Affaire Inkreal (C‑566/22) : la CJUE confirme que l’article 25 du Règlement Bruxelles Ibis régissant les conventions attributives de juridiction peut s’appliquer dans une situation (d’apparence) purement interne

Dans Inkreal (affaire C‑566/22 du 8 février 2024), la Cour de justice de l’Union européenne (la « CJUE ») a jugé qu’une convention attributive de juridiction par laquelle les parties à un contrat établies dans un même État membre conviennent de la compétence des juridictions d’un autre État membre pour connaître de litiges nés de ce contrat relève de l’article 25 du Règlement Bruxelles Ibis, même si ledit contrat ne comporte aucun autre lien avec cet autre État membre. Ce faisant, la CJUE clarifie la notion d’ « élément d’extranéité » qui conditionne l’applicabilité de l’article 25 du Règlement Bruxelles Ibis.

En l’espèce, deux sociétés établies en Slovaquie avaient conclu des contrats de prêt d’argent qui contenaient chacun une clause d’élection de for en faveur des juridictions tchèques. Un litige est porté devant la Cour suprême de la République tchèque à la suite du non-remboursement des prêts. Cette juridiction s’interroge sur l’existence dans la situation d’espèce d’un « élément d’extranéité » qui justifierait l’application de l’article 25 de Règlement Bruxelles Ibis. Elle décide alors de poser à la CJUE la question en substance suivante : la seule circonstance que deux parties établies dans un même État membre conviennent de la compétence des juridictions d’un autre État membre suffit-elle à établir l’élément d’extranéité requis pour appliquer l’article 25 du Règlement Bruxelles Ibis ?

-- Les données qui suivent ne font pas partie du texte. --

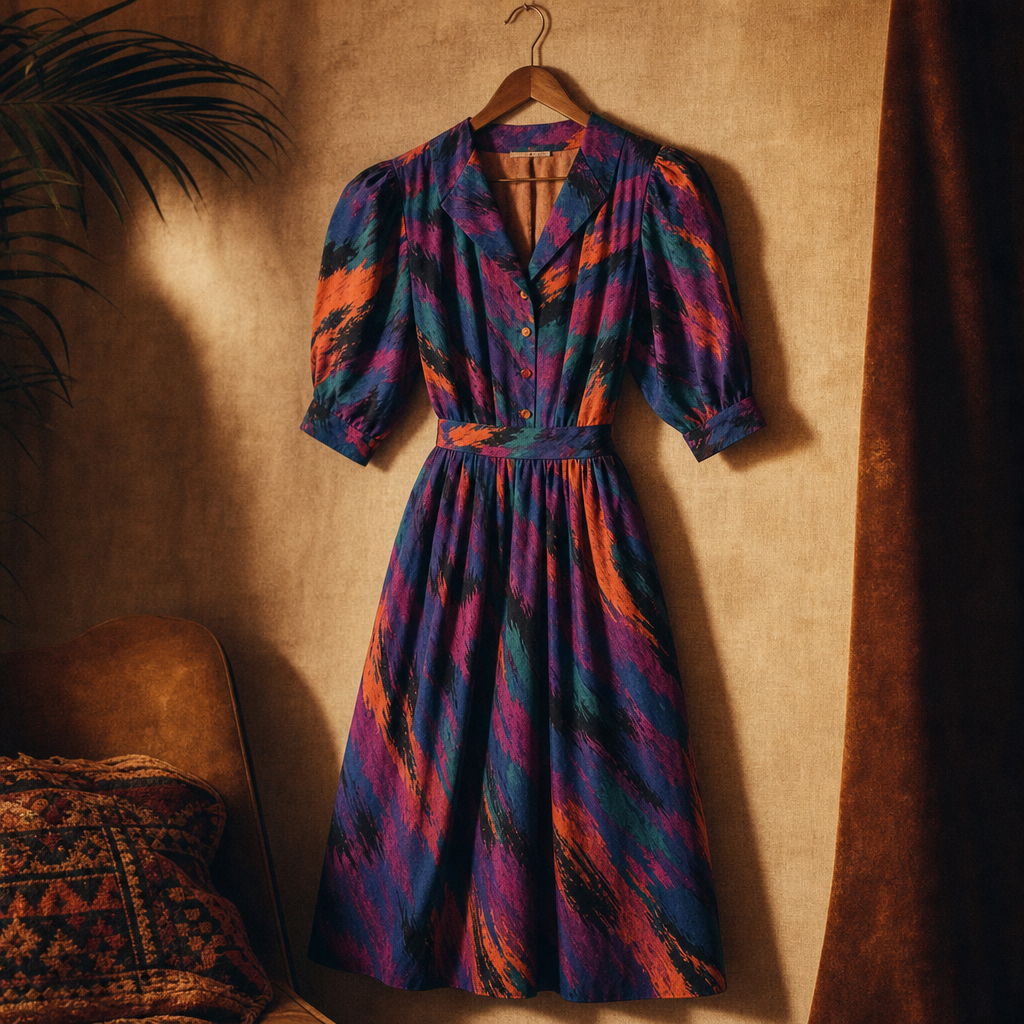 Electric Pattern Midi Dress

S’écartant des conclusions de l’Avocat général M. Jean Richard de la Tour, la CJUE répond à cette question par l’affirmative. Elle considère que l’élément d’extranéité requis est présent en l’espèce car (i) les parties au litige sont établies dans un État membre (la Slovaquie) autre que l’État membre de la juridiction qui a été saisie sur la base de la convention attributive de juridiction (la République tchèque) ; et (ii) le litige soulève une question relative à la détermination de la compétence internationale (à savoir, qui des juridictions tchèques ou slovaques sont compétentes internationalement pour connaître de l’affaire).

La Cour estime que cette réponse affirmative se justifie en outre au regard des objectifs de respect de l’autonomie des parties et de renforcement de l’efficacité des accords exclusifs d’élection de for, ainsi que du haut degré de prévisibilité des règles de compétence et de sécurité juridique.

La Cour rejette également l’argument selon lequel il conviendrait de tenir compte de l’incidence de la Convention de la Haye du 30 juin 2005 sur les accords d’élection de for. L’article 1.2 de cette Convention dispose que l’élément d’extranéité requis pour son application n’est pas rencontré « si les parties résident dans le même Etat contractant et si les relations entre les parties et tous les autres éléments pertinents du litige, quel que soit le lieu du tribunal élu, sont liés uniquement à cet Etat ». La Cour souligne que le législateur européen a fait le choix de ne pas intégrer de disposition similaire dans le Règlement Bruxelles Ibis, ce qui justifie la différence d’interprétation de celui-ci par rapport à la Convention.

En conclusion, dans Inkreal, la Cour clarifie que l’article 25 du Règlement Bruxelles Ibis peut trouver à s’appliquer dans des situations (d’apparence) purement internes. À cet égard, il est intéressant de souligner que le Règlement Bruxelles Ibis ne contient pas de mécanisme similaire aux clauses d’exception que l’on retrouve traditionnellement en matière de conflit de lois (voy. par exemple l’article 3.3. du Règlement Rome I et l’article 19 du Code de droit international privé).